Despite the close relationship between Israel and Germany today — and between Israelis and Germans, between Jews and Germans — even now there is a place in one’s mind and in one’s heart where certain statements must be filtered through the prisms of time and memory to be refracted into the entire spectrum of colors and shades. As I stand here before you in Berlin, I cannot help but begin with the thoughts that are constantly refracted within me, in that prism of time and memory.
I was born and raised in Jerusalem, in a neighborhood and in a family in which people could not even utter the word “Germany.” They found it difficult to say “Holocaust” too, and spoke only of “what happened over there. ”

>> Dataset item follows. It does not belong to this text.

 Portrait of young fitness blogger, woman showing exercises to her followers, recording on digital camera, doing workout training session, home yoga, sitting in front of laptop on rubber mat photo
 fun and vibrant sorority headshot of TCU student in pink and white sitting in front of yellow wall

It is interesting to note that in Hebrew, Yiddish, and every other language they speak, when Jewish people refer to the Holocaust, they tend to talk about “what happened over there ,” whereas non-Jews usually speak in terms of “what happened then .” There is a vast difference between “there” and “then.” “Then” means in the past tense; “then” enfolds within it something that happened and ended, and is no longer. While “there,” conversely, suggests that somewhere out there, in the distance, the thing that happened is still occurring, constantly growing stronger alongside our daily lives, and that it may re-erupt. It is not decisively over. Certainly not for us, the Jews.

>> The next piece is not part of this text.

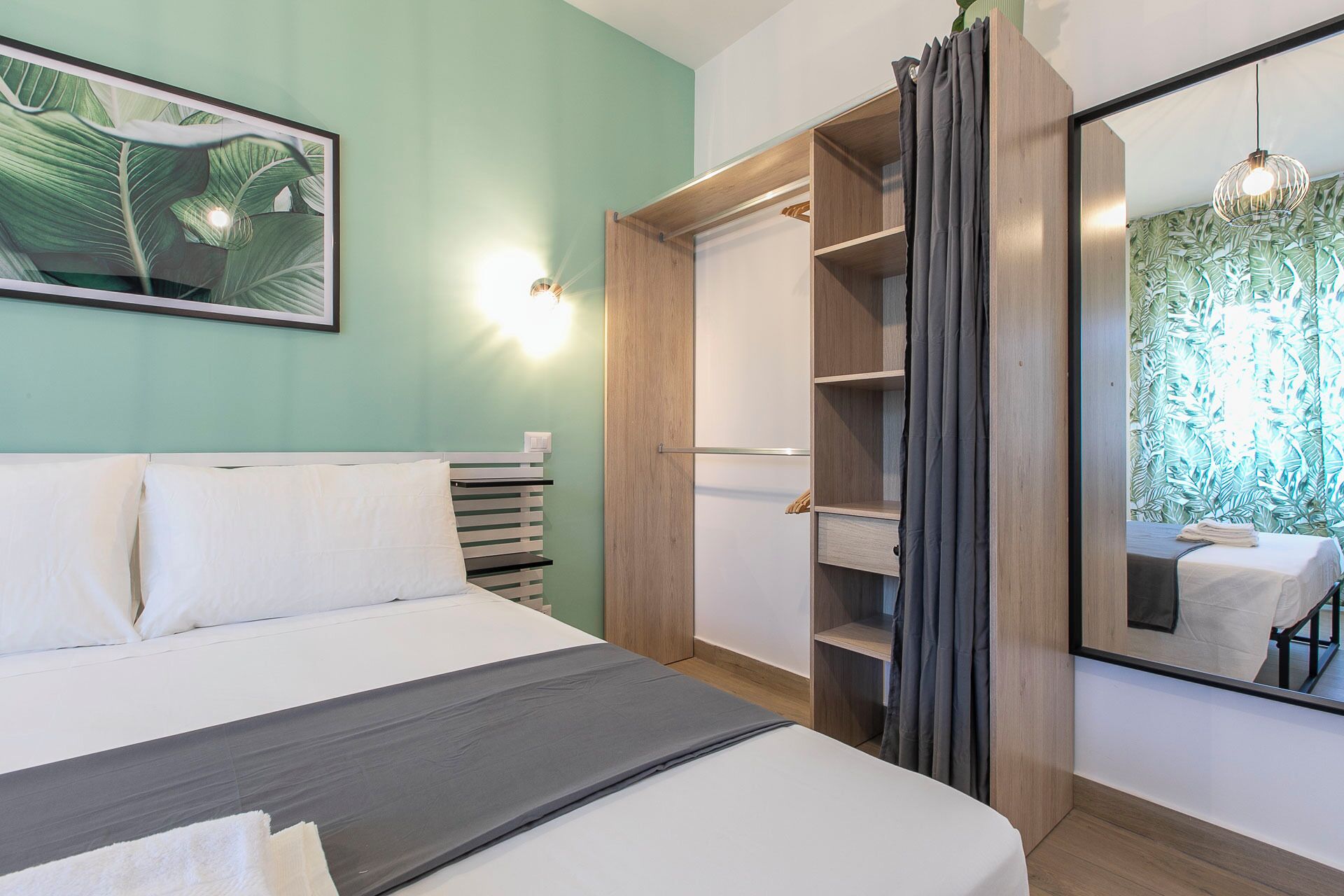 A bedroom with a bed, a wardrobe, a mirror, and a wall with a plant.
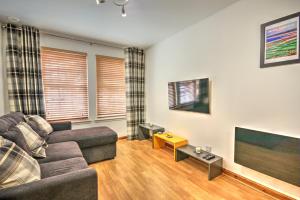 a living room with a couch and a flat screen tv at 5 Argyle Place in Dornoch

As a child, I often heard the term “the Nazi beast,” and when I asked the adults who this beast was, they refused to tell me, and said there were things a child should not know. Years later, I wrote in See Under: Love about Momik, the son of Holocaust survivors who never tell him what really happened to them “Over There.” The frightened Momik imagines the Nazi beast as a monster that controlled a land called “Over There,” where it tortured the people Momik loves and did things to them that hurt them forever and denied them the ability to live a full life.
When I was four or five, I heard for the first time of Simon Wiesenthal, the Nazi-hunter. I felt a great sense of relief: Finally, I thought, there is someone courageous enough to fight the beast, even willing to hunt it down! Had I known how to write at the time, I might have written Wiesenthal a letter full of the detailed and practical questions that were preoccupying me, because I imagined that this hunter probably knew everything about his prey.